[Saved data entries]
-- -- --

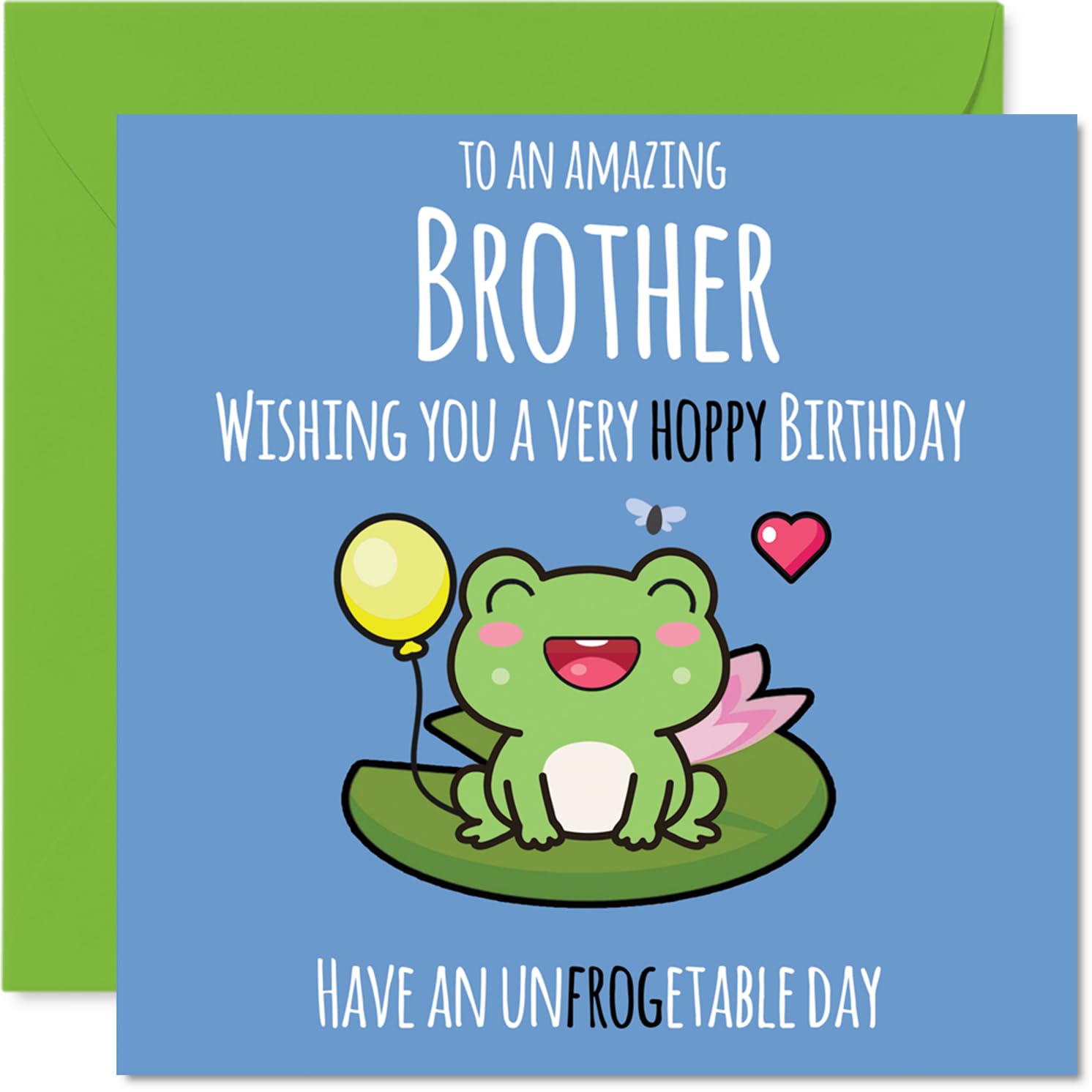Brother Birthday Card - Cute Frog - Happy Birthday Card for Brother from Sister Sibling, 145mm Bday Greeting Cards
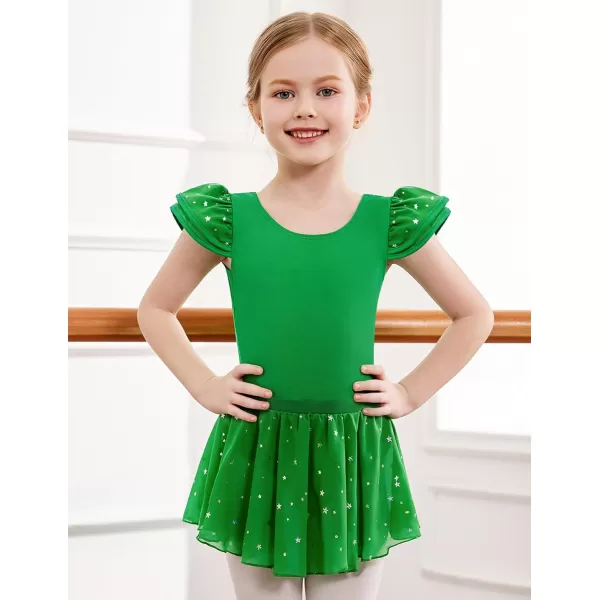 Zaclotre Girls Ballet Leotards with Removable High Low Skirt Toddler Ruffle Sleeve Hollow Back Dance Outfit ComboGreen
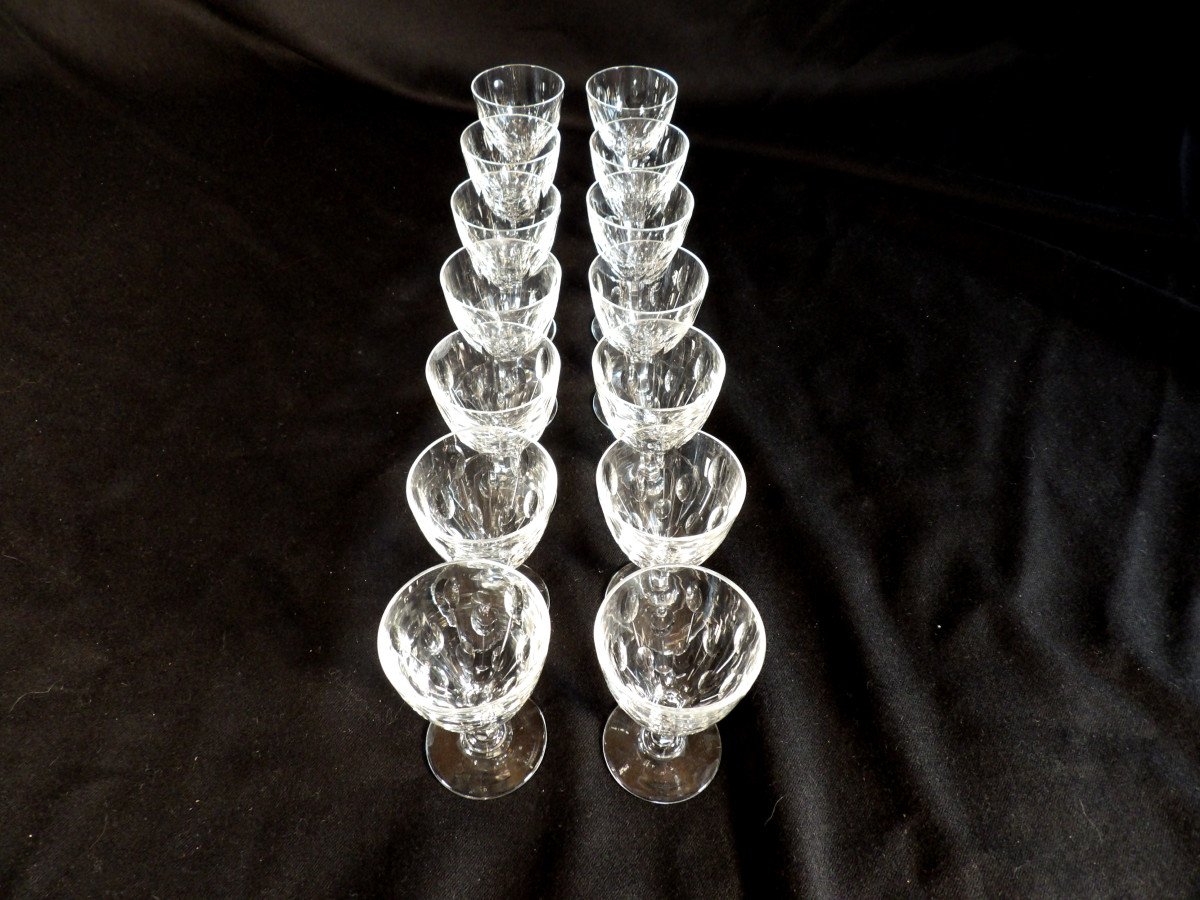 14 Crystal Liqueur Glasses From Cristallerie Lorraine (1925-1997)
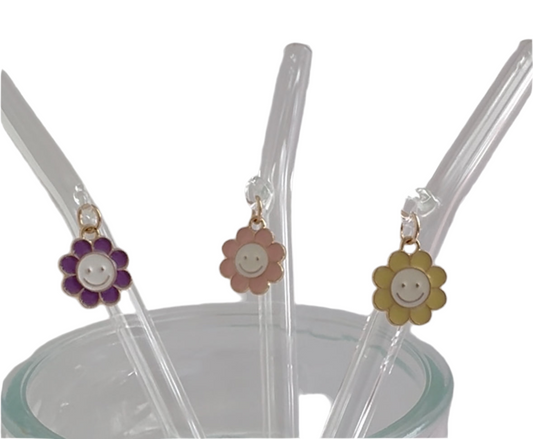 Pink Smiling Flower Glass Straw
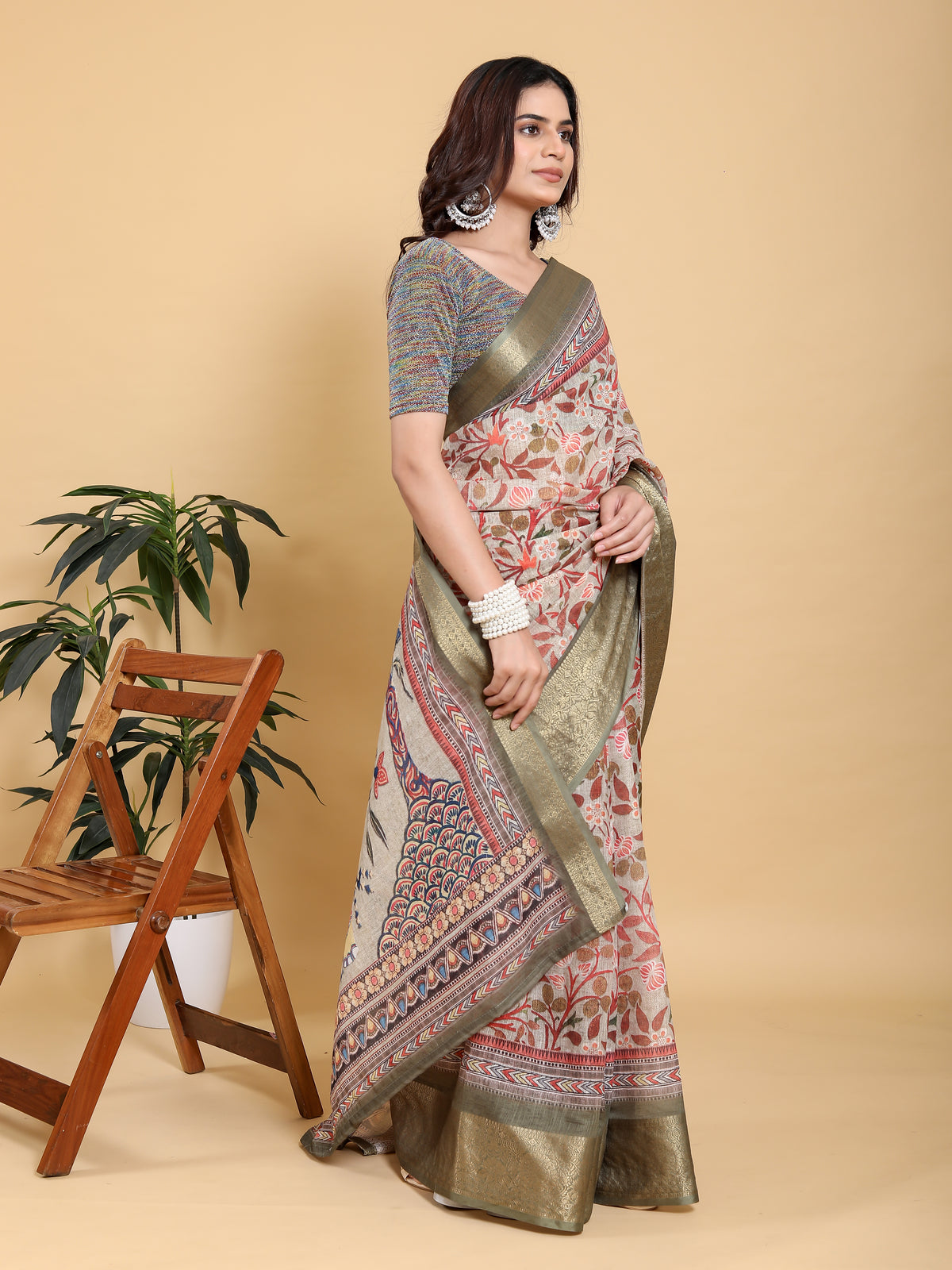Elegant Cream Linen Cotton Saree with Olive Jacquard Border for Women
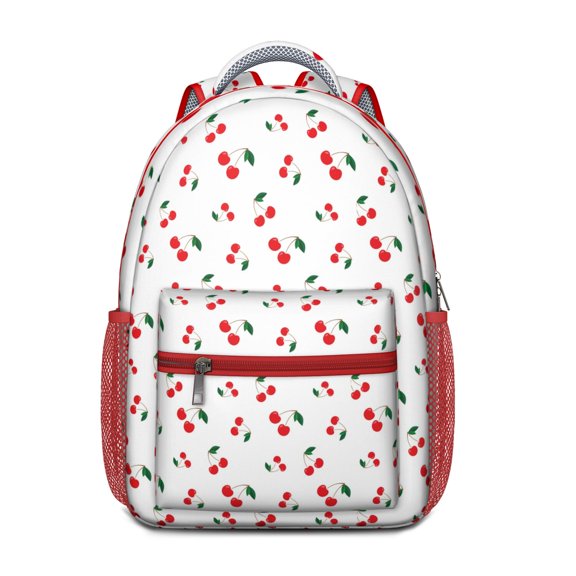 Aesthetic Cherry Illustration Backpack for Teens - Waterproof & Breathable Student Backpack with S-Shaped Shoulder Straps & Spacious Compartments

-- -- --

## [Task prompt]
Leave out every picture, and repeat word for word only the lines from the one holding "Elegant Cream Linen" through the end of the entries above, both ends included.

## [Your solution]
Elegant Cream Linen Cotton Saree with Olive Jacquard Border for Women
 Aesthetic Cherry Illustration Backpack for Teens - Waterproof & Breathable Student Backpack with S-Shaped Shoulder Straps & Spacious Compartments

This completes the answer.